Prompt: The entries are to be duplicated exactly, though any picture in them must be omitted.

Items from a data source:
[Start of section]

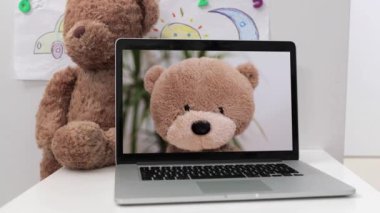 Oyuncak ayının dizüstü bilgisayardaki videosu görüntülü sohbet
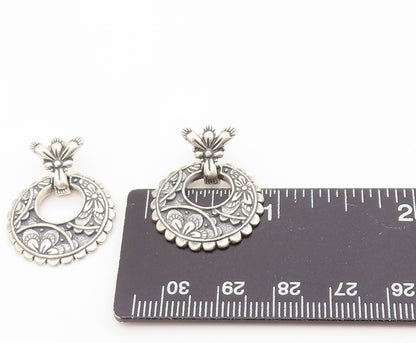 925 Sterling Silver Vintage Earrings CAROLYN POLLACK Floral Scrollwork  EG13959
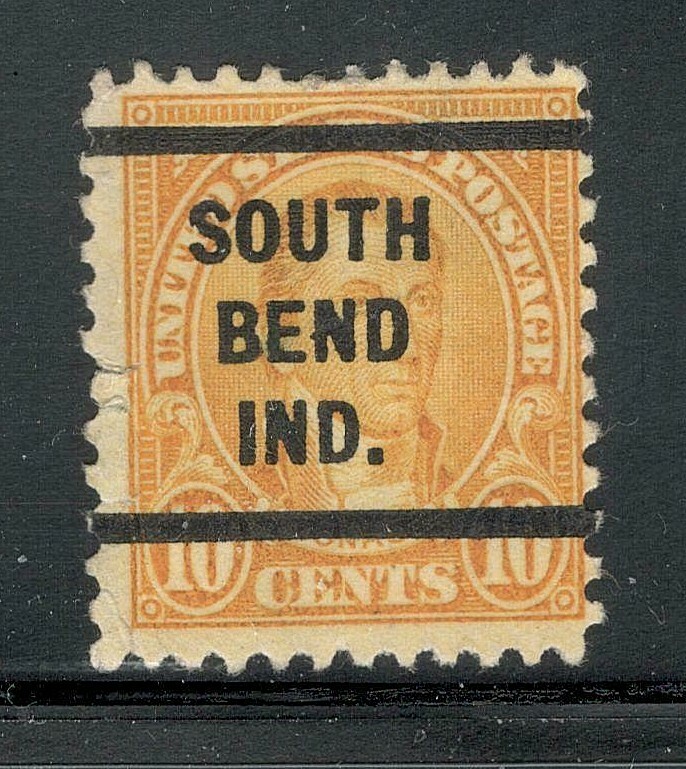 Sc # 642 ~ 10 cent James Monroe Issue, Precancel, SOUTH BEND IND.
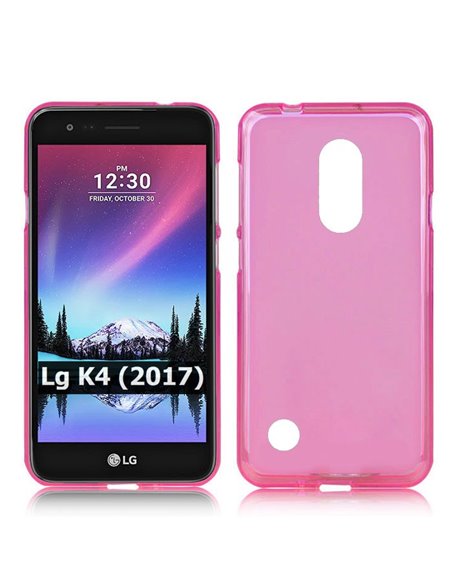 CUSTODIA per LG K4 (2017), M160 IN GEL TPU SILICONE COLORE ROSA TRASPARENTE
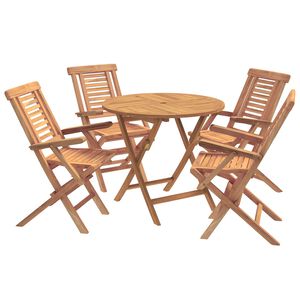 vidaXL 5d&iacute;ln&yacute; skl&aacute;dac&iacute; zahradn&iacute; bistro set Př&iacute;rodn&iacute;
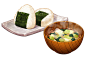 #ご飯 おむすびと味噌汁 - tokie的插画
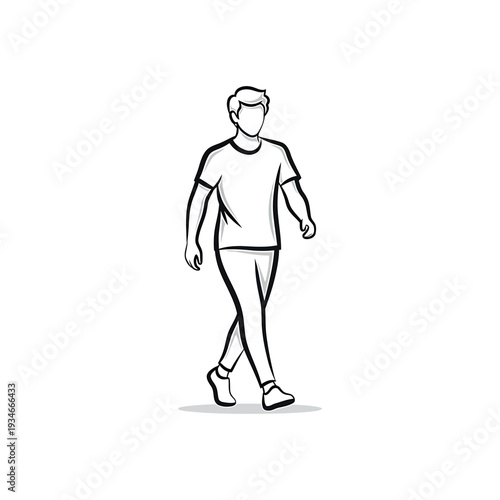 Man Walking Illustration Simple Line Art.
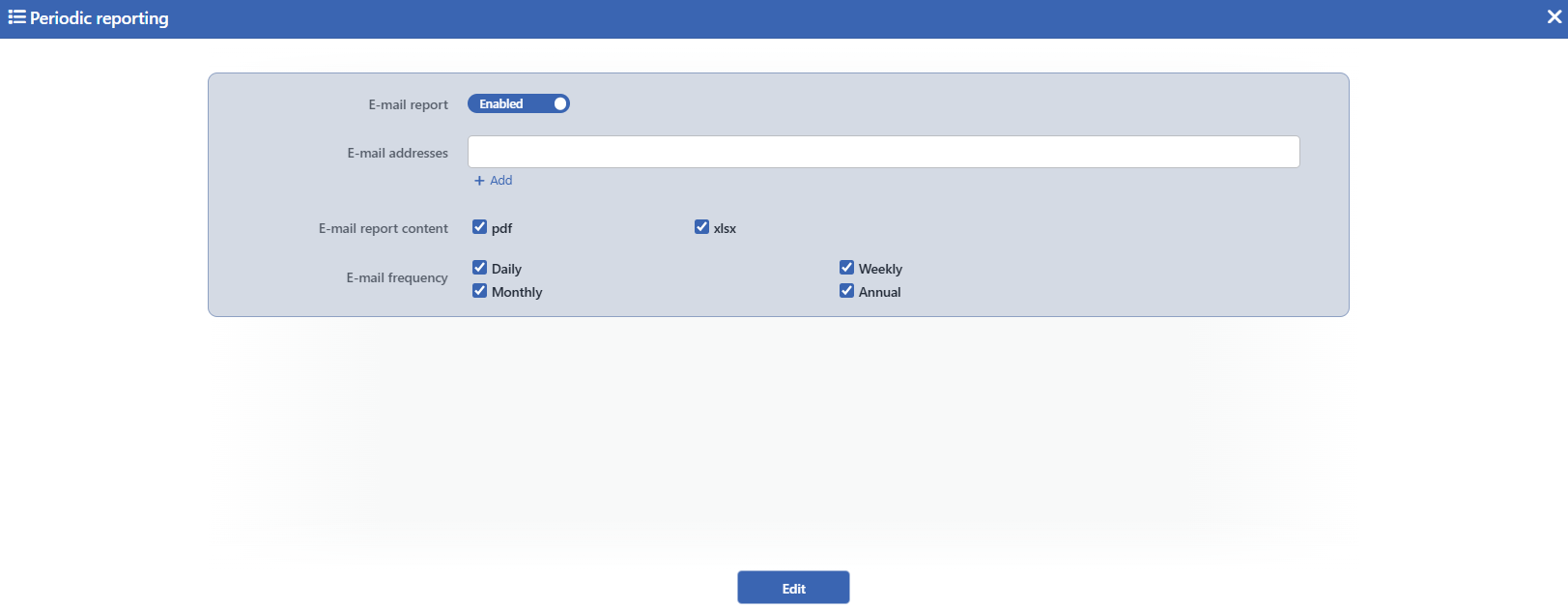 The Periodic Reporting Edit Screen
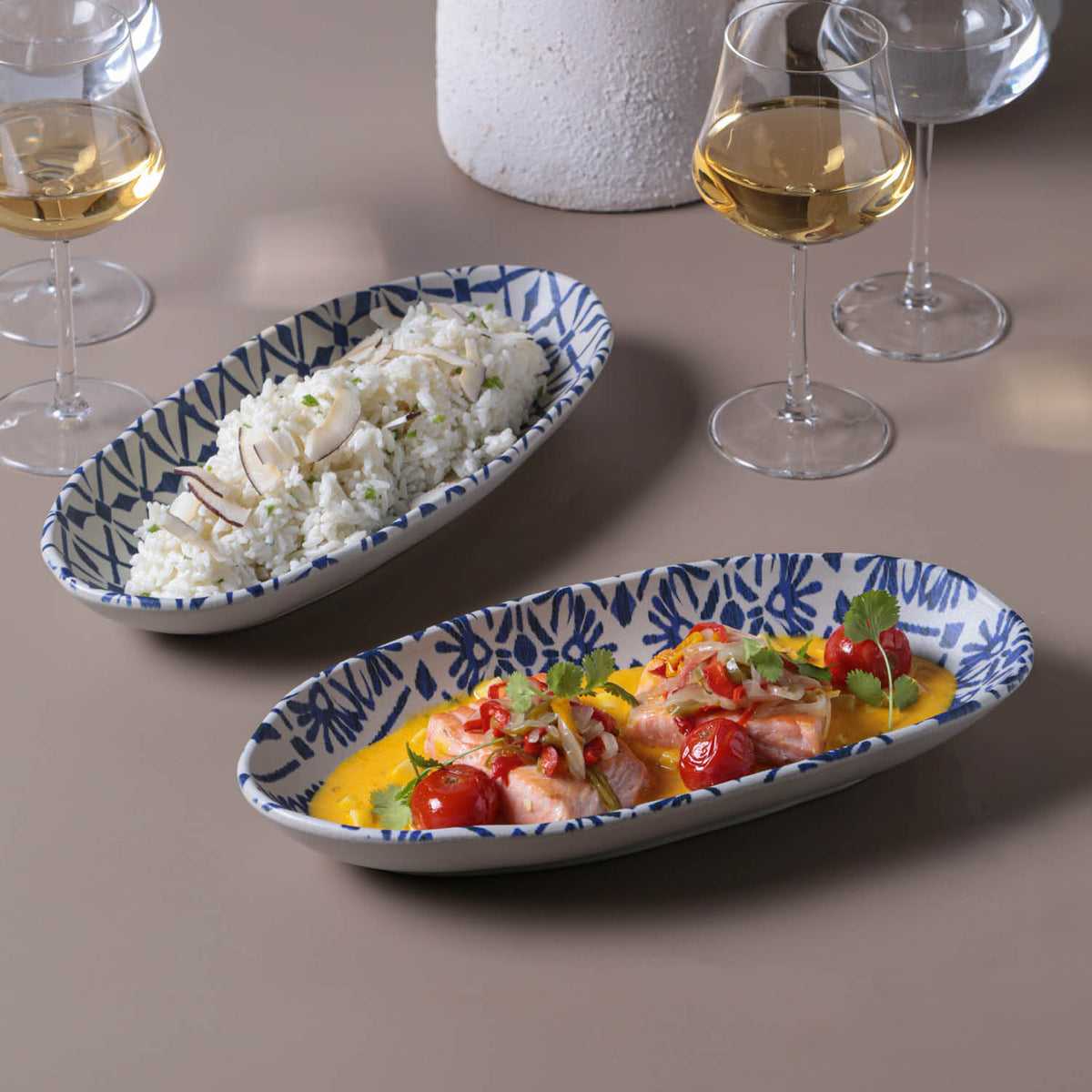 Porto Brasil MAYA DEEP OVAL PR LARGE ORGANIC STONEWARE dia. 12.6x6.3" SET OF 2 DESIGNS  SKU: '34414117901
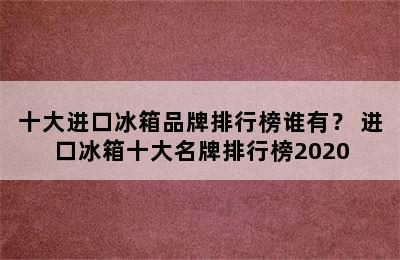 十大进口冰箱品牌排行榜谁有？ 进口冰箱十大名牌排行榜2020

[End of section]

The completed task:
 Oyuncak ayının dizüstü bilgisayardaki videosu görüntülü sohbet
 925 Sterling Silver Vintage Earrings CAROLYN POLLACK Floral Scrollwork  EG13959
 Sc # 642 ~ 10 cent James Monroe Issue, Precancel, SOUTH BEND IND.
 CUSTODIA per LG K4 (2017), M160 IN GEL TPU SILICONE COLORE ROSA TRASPARENTE
 vidaXL 5d&iacute;ln&yacute; skl&aacute;dac&iacute; zahradn&iacute; bistro set Př&iacute;rodn&iacute;
 #ご飯 おむすびと味噌汁 - tokie的插画
 Man Walking Illustration Simple Line Art.
 The Periodic Reporting Edit Screen
 Porto Brasil MAYA DEEP OVAL PR LARGE ORGANIC STONEWARE dia. 12.6x6.3" SET OF 2 DESIGNS  SKU: '34414117901
 十大进口冰箱品牌排行榜谁有？ 进口冰箱十大名牌排行榜2020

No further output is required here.